This invention relates to a gasoline internal combustion (IC) engine, and more particularly to a two-stroke engine having reduced hydrocarbon emissions.

As is well known to those skilled in this art, a two-stroke engine develops more power than a four-stroke engine of the same displacement, but the prior art two-stroke engines have the disadvantage of producing greater hydrocarbon emissions. The hydrocarbon emissions are due in part to incomplete combustion of the fuel-oil-air mixture and in part to a loss of some of the fresh mixture or charge during the scavenging part of the operating cycle. During scavenging both the inlet port and the exhaust port are open at the same time, and the fresh mixture flows into the combustion chamber and sweeps the burned gases out through the exhaust port. Unfortunately, some of the fresh mixture also passes through the exhaust port, thereby producing the above-mentioned hydrocarbon emissions. The foregoing operation is described in more detail hereinafter in connection with FIG. 1 of the drawings.

It is a general object of the present invention to provide an improved two-stroke engine which substantially reduces the quantity of hydrocarbon emissions.

A two-stroke engine constructed in accordance with this invention comprises an engine frame forming a cylinder, and a piston mounted for reciprocating movement in the cylinder. The engine frame further includes a crankcase chamber and an inlet flow passage for introducing a fresh mixture into the crankcase chamber and forming a crankcase compression arrangement. The cylinder includes a cylinder wall having an intake port and an exhaust port. The piston is movable in compression and combustion strokes between a top-dead-center (TDC) position and a bottom-dead-center (BDC) position in the cylinder, and the piston includes a piston skirt. Movement of the piston toward the BDC position opens the intake port and the exhaust port, and fresh mixture flows from the crankcase chamber into the cylinder and scavenges the burned gases through the exhaust port. When the piston moves toward the TDC position, the inlet flow passage is opened which allows fresh mixture to flow into the crankcase chamber. The exhaust port is also opened, and burned gases in the exhaust port are also drawn into the crankcase chamber and combined with the fresh mixture.

The invention will be better understood from the following detailed description taken in conjunction with the accompanying figures of the drawings, wherein:

FIG. 1 is a sectional view showing a prior art engine;

FIG. 2 is a sectional view showing an engine constructed in accordance with this invention;

FIG. 3 is a sectional view of a piston of the engine shown in FIG. 2;

FIGS. 4 and 5 are similar to FIGS. 2 and 3 but show an alternative form of the invention;

FIG. 6 is a sectional view taken on the line 6--6 of FIG. 4;

FIGS. 7, 8 and 9 are views similar to FIGS. 4, 5 and but show still another alternative form of the invention; and

FIG. 10 is a view similar to FIG. 2 but shows still another alternative embodiment.

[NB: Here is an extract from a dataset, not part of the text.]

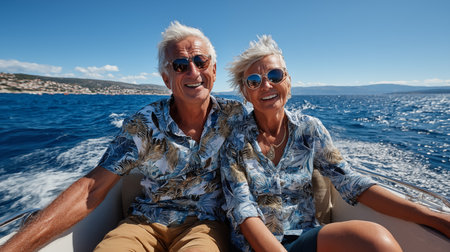Happy senior couple sailing on a yacht in the Adriatic Seaの素材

FIG. 1 illustrates the construction and operation of a prior art two-stroke engine. The engine comprises an engine frame 10 that includes a block 11 and a crankcase 12. Cooling fins 13 are formed on the outside of the block 11 and a cylinder wall 14 is formed on the inside. A piston 16 is mounted for reciprocation in the cylinder wall 14, the cylinder wall 14 and the piston 16 forming a combustion chamber 17 between them. The crankcase 12 forms a crankcase chamber 18 and a crankshaft 19 is rotatably mounted in the chamber 18. A connecting rod 21 and a crank connect the shaft 19 to the piston 16. The piston 16 includes a crown 22 and a cylindrical skirt 23. Mounting ears 24 and bolts 25 are provided to secure the frame 10 to an implement to be driven.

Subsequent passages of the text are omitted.